Understanding the reason of polycrystalline mirror degradation gives a clear hint that the step structure development can be possibly eliminated by applying mirrors from single crystals (SC). Experiments were performed with SC mirrors made from molybdenum, tungsten, nickel, and stainless steel with different orientations of the basic crystallographic axes (100), (111), (110). The samples were sputtered by deuterium plasma ions having a wide energy distribution. The behavior of SC mirrors was investigated in the course of long-term sputtering [3, 17, 18], during which the mirrors showed a considerably higher resistance to relief development under erosion than the polycrystalline mirrors did (Fig. 7). This result was corroborated by co-operative experiments at the large operating fusion facilities Tore Supra (France) [19] and TEXTOR (Germany) [20].

Based on these data, the ITER community has made the decision that SC molybdenum should be the first mirror material for plasma diagnostics in ITER. This material has a rather low sputtering coefficient and a moderate reflection coefficient R in the near ultraviolet and in the visible-light spectrum.

The above mentioned results indicate that the solution of the first mirror problem could rely only on the choice of those materials which exhibit a homogeneous surface erosion during long-term sputtering. As was mentioned above, such materials are metals that have a low sputtering rate (W, Mo) and a single-crystal structure.

Fig. (7).

Comparison between the reflectances as function of the eroded layer thickness, for mirrors made from different PC and SC metals, and also, for a film mirror with a Rh film on a Cu substrate. The symbol “W (111) block” shows the data obtained at sputtering of PC textured tungsten with the (111) orientation of the majority (≈96%) of all grains [3, 18].

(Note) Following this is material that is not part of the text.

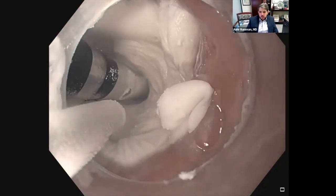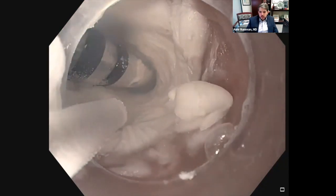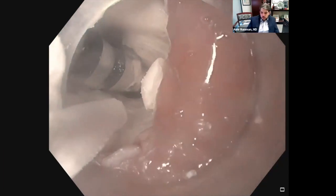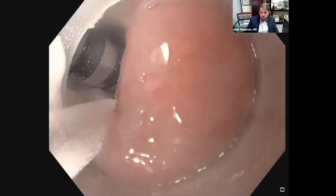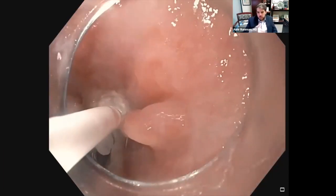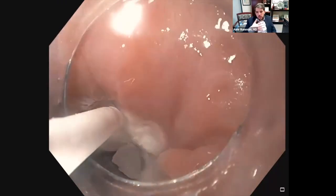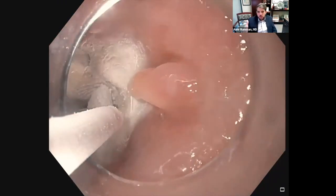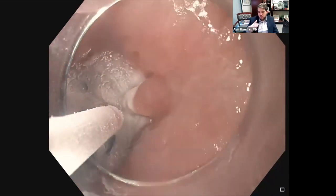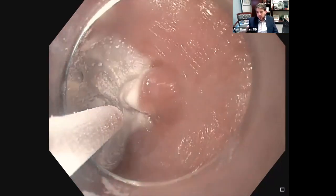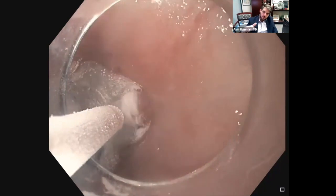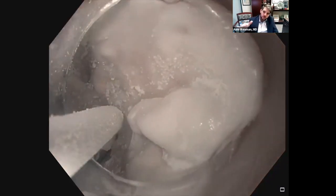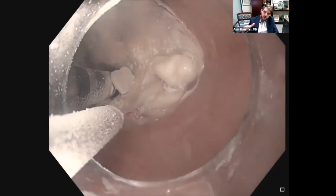If you look at this four o'clock position, that nub of tissue over here — this is a nice example of preferential scarring. This patient had multiple balloon dilations, and if you look at all her historic pictures, the mucosal rent, the tear, is almost always in that direction. There is some intrinsic weakness in that side of the wall, and that's where she preferentially tears with these balloon dilations.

However, under ITER conditions there is a high probability that under impact of γ- and neutron radiation the single crystal will loose its perfect crystallographic structure, and then, the sputtering by charge exchange atoms may result in the development of surface roughness and the subsequent loss of optical properties. This was confirmed by experimental data on sputtering of SC Mo mirrors that have a defected structure, which showed a substantial degradation of the reflectance versus the sputtered layer thickness, though still at a lower rate in comparison to the degradation of PC Mo mirrors [3, 21]. To our knowledge, no experiments on single-crystal mirror surfaces have been performed in which the impacts of gamma and neutron radiation, and of ion bombardment are combined.

2.3. Film Mirrors

The production of single crystal mirrors with the required dimensions for ITER (≥10 cm) is not an easy task. Therefore, consideration has been given to another possibility of avoiding the appearance of the step structure at polycrystalline mirror sputtering, namely, through coating of the mirror surface with a metal film that has a rather high R (Rh, Mo) and thick enough (a few μm) to withstand the long-term sputtering by charge exchange atoms at the mirror location in the ITER port plug. Generally, such films have a fine-crystalline structure (≤100 nm). Therefore, it was expected [22] that the scale of microrelief, which appears after long-term sputtering may be appreciably shorter than the light wavelength range for which the mirror is applied.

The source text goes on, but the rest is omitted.